もちろん、取得費用はアナリストの決まり文句になっている総所有コスト(TCO)の一部に過ぎない。ドキュメントの変換、アプリケーションのテスト、社員教育、新しいデスクトップOSの導入にはかなりの費用がかかるだろう。それでも、これらは一度払えば済むものだ。こうした移行コストにはデスクトップ1台あたり90セントくらいかかると見ておけばいいだろう。このくらいのコストであれば、最初の1年で元が取れる。そして、その後は、しこたま節約できる。それに、年間50ドルで最新かつ最高のLinuxデスクトップが手に入ることも忘れてはならない。Windowsでは次期バージョンが出るのはだいたい3年後くらいだ。ユーザーはそのたびに全面的アップグレードを迫られる。
Novell1社だけでLinuxデスクトップ市場を牽引するのは無理だが、Novell以外にも多数の企業がLinuxデスクトップ市場への本格的な進出をもくろんでいる。IBMがLinuxを宣伝し、懇切丁寧な移行サービスを提供すれば、市場を大きく動かすことができるに違いない(IBM、Lotus、Novellの3社が動けば、Linuxデスクトップの逆襲は成功するのではないだろうか)。MicrosoftとOracleの間には失うと困るような関係は何もないので、Larry Ellisonもこの話に乗ってくる可能性がある。IntelとAMDはPCが売れればよいのだから、Linuxだろうが何だろうが大歓迎だろう。

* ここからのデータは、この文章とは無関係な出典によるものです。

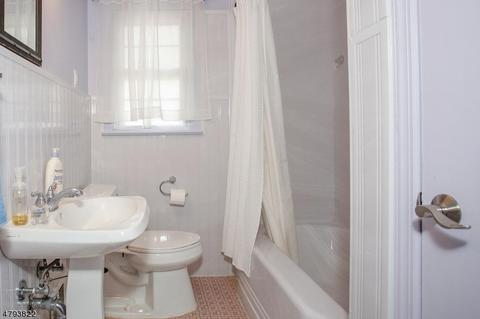 103 Summit Ave, Waldwick, NJ 07463 photo 9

市場が充分に成長すれば、Dell、Hewlett-Packard、Acer、Gateway、LenovoなどのPCメーカーも、Linuxデスクトップマシンの販売を始めるだろう。
Linuxデスクトップでは、iTuneはまだ動かないし、サポートされていないアドオン機能も無数にある。しかし、「仕事で使う基本的なツールとブラウザがあれば充分」というユーザーであれば、そんなことはまったく気にしないだろう。とりわけ、コスト軽減を重視し、Microsoftとのしがらみもない開発者の世界では、Linuxでまったく問題ない。
もう1つ、Microsoftにとって皮肉な結果になったことがある。Microsoftは今年、OSを「Vista」にアップグレードしてもらうための宣伝費用に5億ドルを投じることになっている。これはLinux陣営にとって、各社のCIOにLinuxを評価し、Vistaと価格を比べてみるよう説得する絶好の機会となる。このやり方で、Microsoftは、敵に塩を送る結果となるだろう。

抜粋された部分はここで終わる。